To get the answers to those questions, you need Ms. Lerner to testify. …
“But wait,” you say, “if we immunize her, we can’t prosecute her.” My first impulse is to say, “So what?” If she testifies truthfully and gives a full account of what happened, we’ll be a lot more interested in pursuing the officials who instigated the scheme than in prosecuting those who carried it out. But if “Who is going to jail!” is really your big concern, immunity for Ms. Lerner does not protect her if she lies or obstructs the investigation. The statute of limitations on such crimes will not have run out when a new administration takes over in 2017. She could still be prosecuted, and the penalties for those crimes are more severe than whatever her actions at the IRS could have earned her.
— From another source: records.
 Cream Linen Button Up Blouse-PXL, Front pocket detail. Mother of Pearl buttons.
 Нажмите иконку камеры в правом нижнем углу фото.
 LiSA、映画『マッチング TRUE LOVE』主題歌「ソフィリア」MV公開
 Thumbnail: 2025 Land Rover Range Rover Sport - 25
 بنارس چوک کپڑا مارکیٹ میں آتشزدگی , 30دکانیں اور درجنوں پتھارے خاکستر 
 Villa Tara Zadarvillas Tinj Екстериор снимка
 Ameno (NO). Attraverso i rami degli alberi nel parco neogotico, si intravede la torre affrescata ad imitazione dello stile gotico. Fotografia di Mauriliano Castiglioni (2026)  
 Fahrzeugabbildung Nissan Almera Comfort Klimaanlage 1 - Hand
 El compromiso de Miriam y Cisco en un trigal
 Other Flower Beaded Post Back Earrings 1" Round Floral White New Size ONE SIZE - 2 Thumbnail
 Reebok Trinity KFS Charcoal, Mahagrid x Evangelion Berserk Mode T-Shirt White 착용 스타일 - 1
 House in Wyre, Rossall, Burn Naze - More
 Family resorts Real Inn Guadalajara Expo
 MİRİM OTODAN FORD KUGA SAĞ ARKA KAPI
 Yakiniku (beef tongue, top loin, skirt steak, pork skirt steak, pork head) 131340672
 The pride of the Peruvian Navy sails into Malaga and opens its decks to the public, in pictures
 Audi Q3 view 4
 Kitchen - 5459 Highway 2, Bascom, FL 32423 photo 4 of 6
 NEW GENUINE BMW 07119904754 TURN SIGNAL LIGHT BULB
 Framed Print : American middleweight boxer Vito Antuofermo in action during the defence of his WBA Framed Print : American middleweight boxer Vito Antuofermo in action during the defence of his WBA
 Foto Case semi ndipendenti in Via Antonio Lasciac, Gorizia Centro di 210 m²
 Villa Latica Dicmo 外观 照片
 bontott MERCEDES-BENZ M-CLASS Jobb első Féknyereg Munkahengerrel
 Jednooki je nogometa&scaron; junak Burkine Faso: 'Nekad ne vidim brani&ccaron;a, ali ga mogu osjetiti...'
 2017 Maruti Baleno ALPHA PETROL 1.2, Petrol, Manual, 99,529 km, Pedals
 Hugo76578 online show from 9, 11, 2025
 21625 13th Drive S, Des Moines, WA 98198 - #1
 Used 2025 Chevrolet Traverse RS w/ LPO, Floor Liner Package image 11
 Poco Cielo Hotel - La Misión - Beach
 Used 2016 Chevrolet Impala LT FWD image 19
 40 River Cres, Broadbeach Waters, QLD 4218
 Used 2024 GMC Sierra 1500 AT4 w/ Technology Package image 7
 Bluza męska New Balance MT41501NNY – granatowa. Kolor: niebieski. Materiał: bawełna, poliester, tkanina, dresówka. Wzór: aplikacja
I also think that, even if “the scheme” for the IRS targeting of conservative groups didn’t originate with Lerner herself (which it may have; there’s a possibility she might have merely intuited that it would please the higher-ups and begun it on her own), she still isn’t likely to give us the names of those officials who did instigate it. I also doubt (although I could be very wrong about this) that the investigation will uncover any evidence in the form of emails and the like implicating those higher-ups, and that therefore learning their identities would rest on Lerner’s ratting on them. And then, if the effort to get her to spill the beans doesn’t succeed, and she’s been given immunity for testifying, there’s no one left to punish for what was probably the worst excess of IRS power in US history.
“Should Lois Lerner be immunized?”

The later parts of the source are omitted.